* [Exercise]:
Skip pictures in the listing below; copy exactly the lines from the one with "Also, if you" through the one with "And the theme", inclusive.

* [Data for this task]:
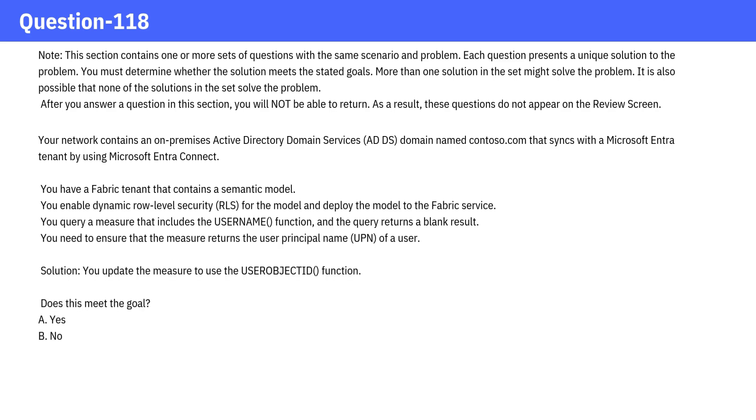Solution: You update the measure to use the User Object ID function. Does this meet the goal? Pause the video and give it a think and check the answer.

---

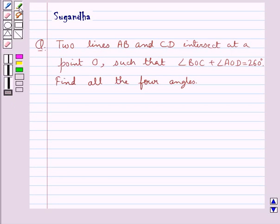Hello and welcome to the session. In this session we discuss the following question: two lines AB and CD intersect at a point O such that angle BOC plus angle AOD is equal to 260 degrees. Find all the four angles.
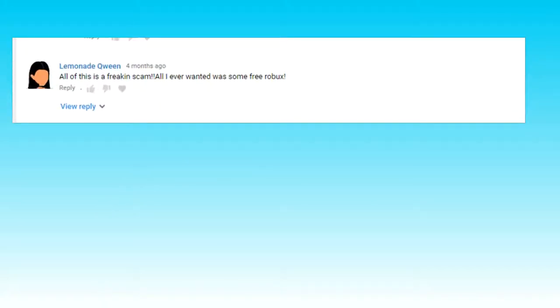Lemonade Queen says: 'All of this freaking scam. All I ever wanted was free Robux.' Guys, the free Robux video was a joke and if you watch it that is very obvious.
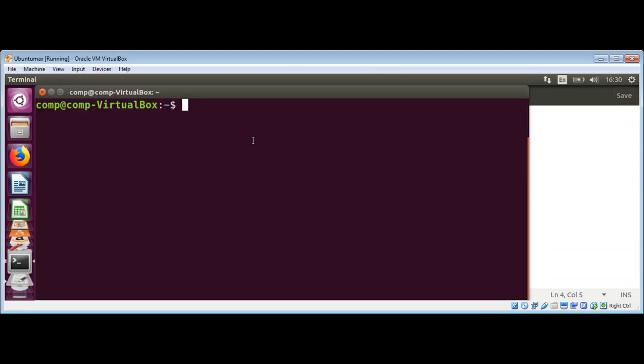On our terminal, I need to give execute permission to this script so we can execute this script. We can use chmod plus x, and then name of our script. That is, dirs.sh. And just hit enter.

...

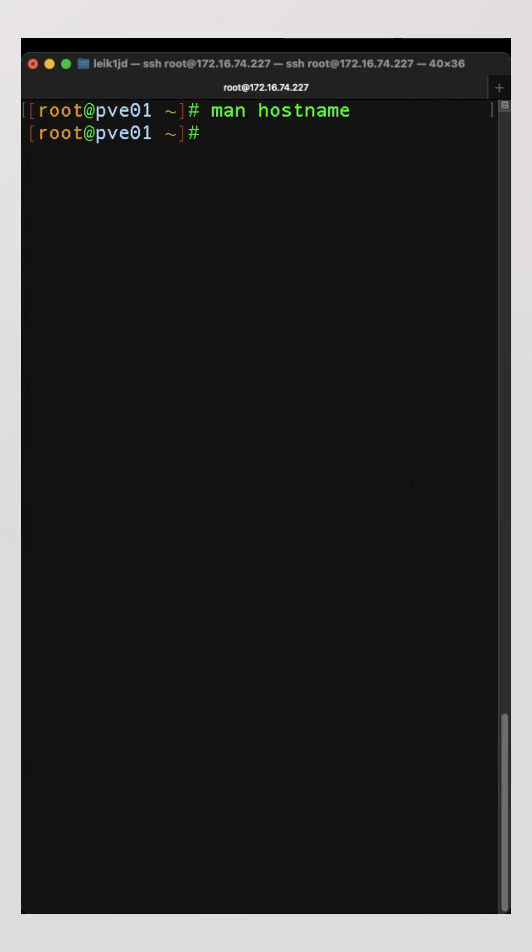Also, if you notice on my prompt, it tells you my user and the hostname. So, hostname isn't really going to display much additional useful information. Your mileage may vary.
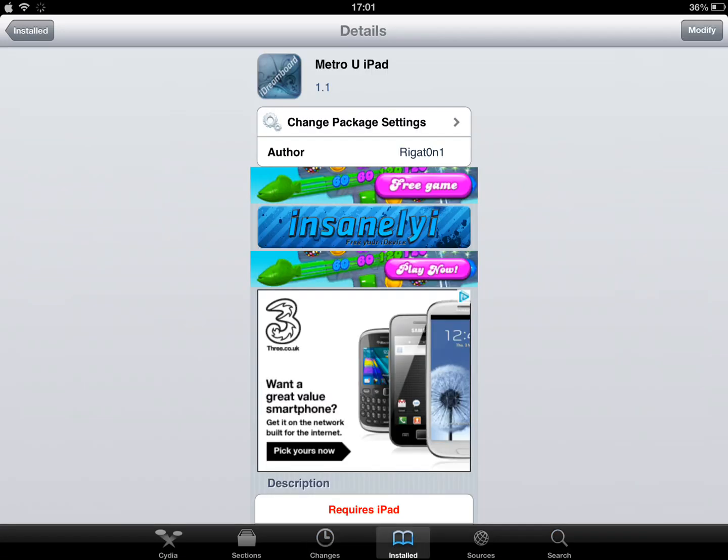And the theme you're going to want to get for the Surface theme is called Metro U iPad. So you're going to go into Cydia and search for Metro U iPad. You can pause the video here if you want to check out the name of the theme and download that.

* [Written reply]:
Also, if you notice on my prompt, it tells you my user and the hostname. So, hostname isn't really going to display much additional useful information. Your mileage may vary.
And the theme you're going to want to get for the Surface theme is called Metro U iPad. So you're going to go into Cydia and search for Metro U iPad. You can pause the video here if you want to check out the name of the theme and download that.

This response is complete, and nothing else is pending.